I have a Spark dataframe like below, and I want to perform some aggregate functions on it by different columns independently of each other and get some statistics over a single column.

val df = (Seq((1, "a", "1"),
              (1,"b", "3"),
              (1,"c", "6"),
              (2, "a", "9"),
              (2,"c", "10"),
              (1,"b","8" ),
              (2, "c", "3"),
              (3,"r", "19")).toDF("col1", "col2", "col3"))

df.show()
+----+----+----+
|col1|col2|col3|
+----+----+----+
|   1|   a|   1|
|   1|   b|   3|
|   1|   c|   6|
|   2|   a|   9|
|   2|   c|  10|
|   1|   b|   8|
|   2|   c|   3|
|   3|   r|  19|
+----+----+----+

I want to group by col1 and col2 and get the average of column col3 to get the following output dataframe:

+----+----+----+---------+---------+
|col1|col2|col3|mean_col1|mean_col2|
+----+----+----+---------+---------+
|   1|   a|   1|      4.5|      5.0|
|   1|   b|   3|      4.5|      5.5|
|   1|   c|   6|      4.5|     6.33|
|   2|   a|   9|     7.33|      5.0|
|   2|   c|  10|     7.33|     6.33|
|   1|   b|   8|      4.5|      5.5|
|   2|   c|   3|     7.33|     6.33|
|   3|   r|  19|     19.0|     19.0|
+----+----+----+---------+---------+

This can be done using the following operations:

val col1df = df.groupBy("col1").agg(round(mean("col3"),2).alias("mean_col1"))

val col2df = df.groupBy("col2").agg(round(mean("col3"),2).alias("mean_col2"))

df.join(col1df, "col1").join(col2df, "col2").select($"col1",$"col2",$"col3",$"mean_col1",$"mean_col2").show()

However, if I have many more columns to group by, I'd need to perform several expensive join operations. Moreover, grouping by each column before doing the join seems rather cumbersome. What's the best way to get the output dataframe by minimizing (and preferably eliminating) the join operations, and without having to generate the dataframes col1df and col2df ?

1

1 Answers

3
votes

As you want your final table to contain all of the original rows, that can be done via a window function.

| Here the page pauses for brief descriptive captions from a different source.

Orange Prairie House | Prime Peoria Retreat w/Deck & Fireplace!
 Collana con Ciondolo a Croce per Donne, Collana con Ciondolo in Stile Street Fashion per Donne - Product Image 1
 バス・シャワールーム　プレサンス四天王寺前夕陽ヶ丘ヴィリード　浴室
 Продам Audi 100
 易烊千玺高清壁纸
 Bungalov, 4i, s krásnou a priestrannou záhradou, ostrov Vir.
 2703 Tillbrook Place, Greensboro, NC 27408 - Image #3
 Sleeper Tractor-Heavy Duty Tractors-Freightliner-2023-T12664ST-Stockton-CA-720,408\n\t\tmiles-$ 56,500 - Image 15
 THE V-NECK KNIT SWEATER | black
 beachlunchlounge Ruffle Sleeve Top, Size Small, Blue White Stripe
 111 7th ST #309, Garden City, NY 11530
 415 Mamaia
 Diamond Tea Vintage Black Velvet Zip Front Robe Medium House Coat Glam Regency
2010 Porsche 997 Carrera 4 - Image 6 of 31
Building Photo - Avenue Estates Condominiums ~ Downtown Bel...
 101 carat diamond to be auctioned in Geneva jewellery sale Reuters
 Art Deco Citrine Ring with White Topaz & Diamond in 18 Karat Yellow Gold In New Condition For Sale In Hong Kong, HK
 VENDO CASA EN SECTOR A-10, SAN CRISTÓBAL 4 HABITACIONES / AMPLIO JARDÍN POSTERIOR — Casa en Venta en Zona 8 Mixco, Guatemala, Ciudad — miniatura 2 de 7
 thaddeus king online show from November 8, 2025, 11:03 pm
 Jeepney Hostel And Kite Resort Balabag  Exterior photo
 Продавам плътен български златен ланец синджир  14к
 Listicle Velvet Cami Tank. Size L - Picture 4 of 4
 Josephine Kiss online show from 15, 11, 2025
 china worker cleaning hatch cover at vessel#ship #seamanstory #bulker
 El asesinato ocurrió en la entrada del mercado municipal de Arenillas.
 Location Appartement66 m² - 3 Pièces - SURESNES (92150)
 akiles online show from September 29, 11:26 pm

import org.apache.spark.sql.expressions.Window
import org.apache.spark.sql.functions._

val df = (Seq((1, "a", "1"),
    (1,"b", "3"),
    (1,"c", "6"),
    (2, "a", "9"),
    (2,"c", "10"),
    (1,"b","8" ),
    (2, "c", "3"),
    (3,"r", "19")).toDF("col1", "col2", "col3"))

  df.show(false)

  val col1Window = Window.partitionBy("col1").rangeBetween(Window.unboundedPreceding, Window.unboundedFollowing)
  val col2Window = Window.partitionBy("col2").rangeBetween(Window.unboundedPreceding, Window.unboundedFollowing)


  val res = df
              .withColumn("mean_col1", round(mean("col3").over(col1Window), 2))
              .withColumn("mean_col2", round(mean("col3").over(col2Window), 2))

  res.show(false)

In the context of the Window functions partitionBy is similar as groupBy and rangeBetween defines the size of the window, which is all of the rows with the same value of the partitioned columns or it could be seen as a group by column.